While it is essential to the practice of the method of the present invention that the magnetic core be rotated during use, the shell may or may not also rotate. If the shell does rotate, it can do so either in the same direction as or in a different direction from the core.
As previously noted, the present invention provides a two-component, dry electrographic developer composition comprising charged carrier particles exhibiting specified magnetic properties and oppositely charged toner particles. When employed in combination with the rotating magnetic core applicator, the defined two-component developer exhibits a high rate of flow, and thus provides for complete development of an electrostatic image at high-volume copying rates, as defined below.
The novel developers of the present invention comprise two alternative preferred types of carrier particles. The first of these carriers comprises a binder-free magnetic particulate material exhibiting the requisite coercivity and induced magnetic moment.
In the second developer, each carrier particle is heterogeneous and comprises a composite of a binder and a magnetic material exhibiting the requisite coercivity and induced magnetic moment. The magnetic material is dispersed as discrete smaller particles throughout the binder; that is, each composite carrier particle comprises a discontinuous, particulate magnetic material phase of the requisite coercivity in a continuous binder phase.
The individual bits of the magnetic material should preferably be of a relatively uniform size and sufficiently smaller in diameter than the composite carrier particle to be produced. Typically, the average diameter of the magnetic material should be no more than about 20 percent of the average diameter of the carrier particle. Advantageously, a much lower ratio of average diameter of magnetic component to carrier can be used. Excellent results are obtained with magnetic powders of the order of 5 micrometers down to 0.05 micrometer average diameter. Even finer powders can be used when the degree of subdivision does not produce unwanted modifications in the magnetic properties and the amount and character of the selected binder produce satisfactory strength, together with other desirable mechanical properties in the resulting carrier particle.
The concentration of the magnetic material can vary widely. Proportions of finely divided magnetic material, from about 20 percent by weight to about 90 percent by weight, of composite carrier can be used.
The induced moment of composite carriers in a 1000-gauss applied field is dependent on the concentration of magnetic material in the particle. It will be appreciated, therefore, that the induced moment of the magnetic material should be sufficiently greater than 20 EMU/gm to compensate for the effect upon such induced moment from dilution of the magnetic material in the binder. For example, one might find that, for a concentration of 50 weight percent magnetic material in the composite particles, the 1000-gauss induced magnetic moment of the magnetic material should be at least 40 EMU/gm to achieve the minimum level of 20 EMU/gm for the composite particles.

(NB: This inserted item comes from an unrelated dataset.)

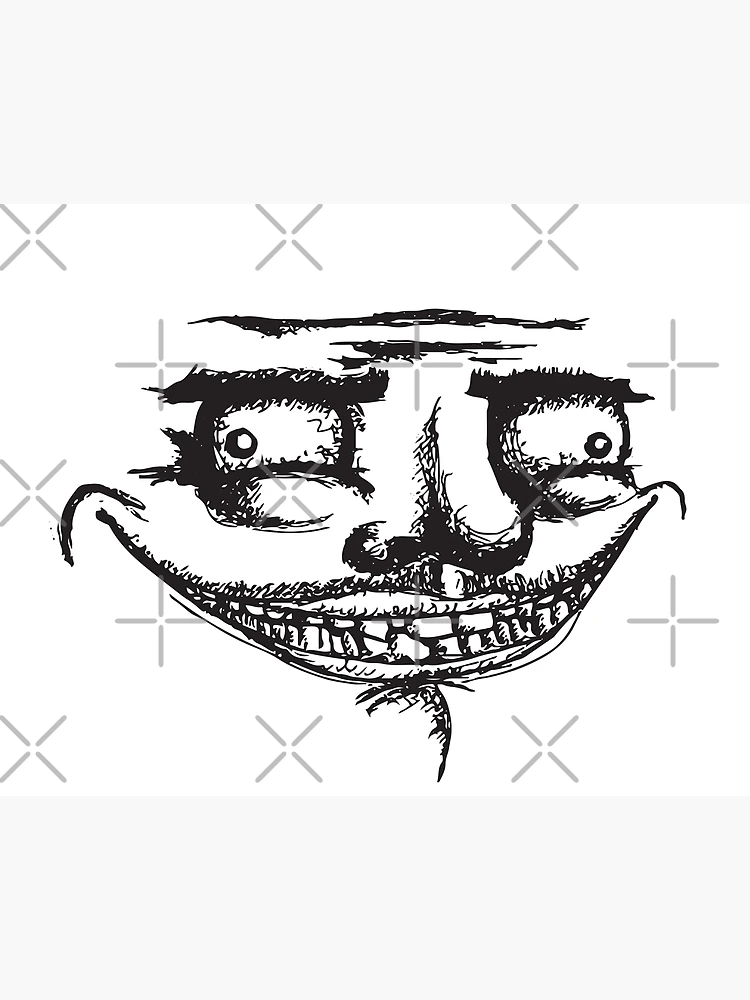 Meme - Internet Thinking/Plotting MEDIUM (114x83mm) coolface troll face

The binder material used with the finely divided magnetic material is selected to provide the required mechanical and electrical properties. It should (1) adhere well to the magnetic material, (2) facilitate formation of strong, smooth-surfaced particles and (3) preferably possess sufficient difference in triboelectric properties from the toner particles with which it will be used to insure the proper polarity and magnitude of electrostatic charge between the toner and carrier when the two are mixed.
The matrix can be organic, or inorganic, such as a matrix composed of glass, metal, silicone resin or the like. Preferably, an organic material is used such as a natural or synthetic polymeric resin or a mixture of such resins having appropriate mechanical properties. Appropriate monomers (which can be used to prepare resins for this use) include, for example, vinyl monomers such as alkyl acrylates and methacrylates, styrene and substituted styrenes, basic monomers such as vinyl pyridines, etc. Copolymers prepared with these and other vinyl monomers such as acidic monomers, e.g., acrylic or methacrylic acid, can be used. Such copolymers can advantageously contain small amounts of polyfunctional monomers such as divinylbenzene, glycol dimethacrylate, triallyl citrate and the like. Condensation polymers such as polyesters, polyamides or polycarbonates can also be employed.

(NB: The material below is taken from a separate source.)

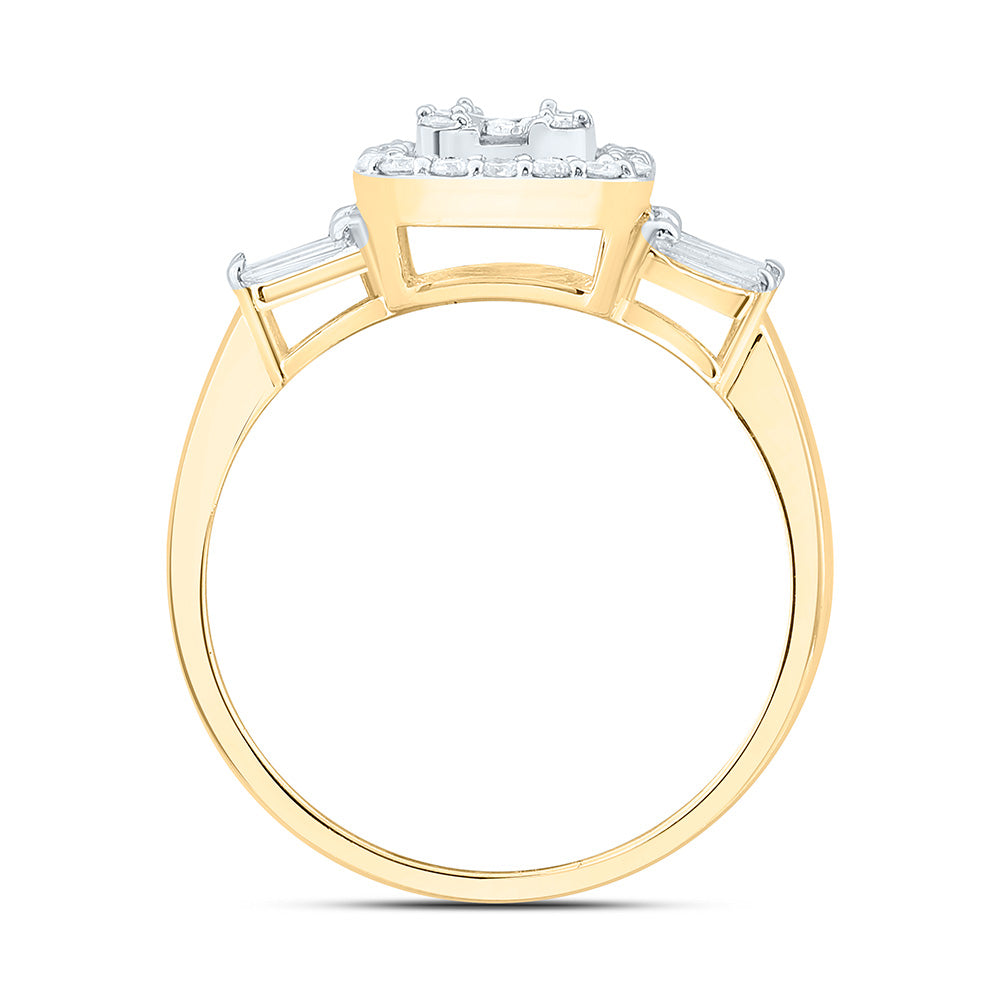 14K Yellow Or White Gold 1/2Cttw Natural Diamond Fashion Ring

Preparation of composite carrier particles according to this invention may involve the application of heat to soften thermoplastic material or to harden thermosetting material; evaporative drying to remove liquid vehicle; the use of pressure, or of heat and pressure, in molding, casting, extruding, etc., and in cutting or shearing to shape the carrier particles; grinding, e.g., in a ball mill to reduce carrier material to appropriate particle size; and sifting operations to classify the particles.

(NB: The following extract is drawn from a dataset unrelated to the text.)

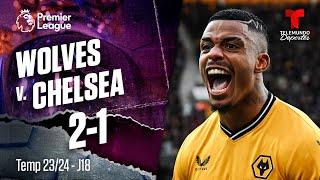 Highlights & Goles: Wolverhampton v. Chelsea 2-1 | Premier League | Telemundo Deportes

According to one preparation technique, the powdered magnetic material is dispersed in a dope or solution of the binder resin. The solvent may then be evaporated and the resulting solid mass subdivided by grinding and screening to produce carrier particles of appropriate size.
According to another technique, emulsion or suspension polymerization is used to produce uniform carrier particles of excellent smoothness and useful life.
The coercivity of a magnetic material refers to the minimum external magnetic force necessary to reduce the remanance, Br, to zero while it is held stationary in the external field, and after the material has been magnetically saturated, i.e., the material has been permanently magnetized. A variety of apparatus and methods for the measurement of coercivity of the present carrier particles can be employed. For the present invention, a Princeton Applied Research Model 155 Vibrating Sample Magnetometer, available from Princeton Applied Research Co., Princeton, N.J., is used to measure the coercivity of powder particle samples. The powder was mixed with a nonmagnetic polymer powder (90 percent magnetic powder:10 percent polymer by weight). The mixture was placed in a capillary tube, heated above the melting point of the polymer, and then allowed to cool to room temperature. The filled capillary tube was then placed in the sample holder of the magnetometer and a magnetic hysteresis loop of external field (in gauss units) versus induced magnetism (in EMU/gm) was plotted. During this measurement, the sample was exposed to an external field of 0 to 8000 gauss.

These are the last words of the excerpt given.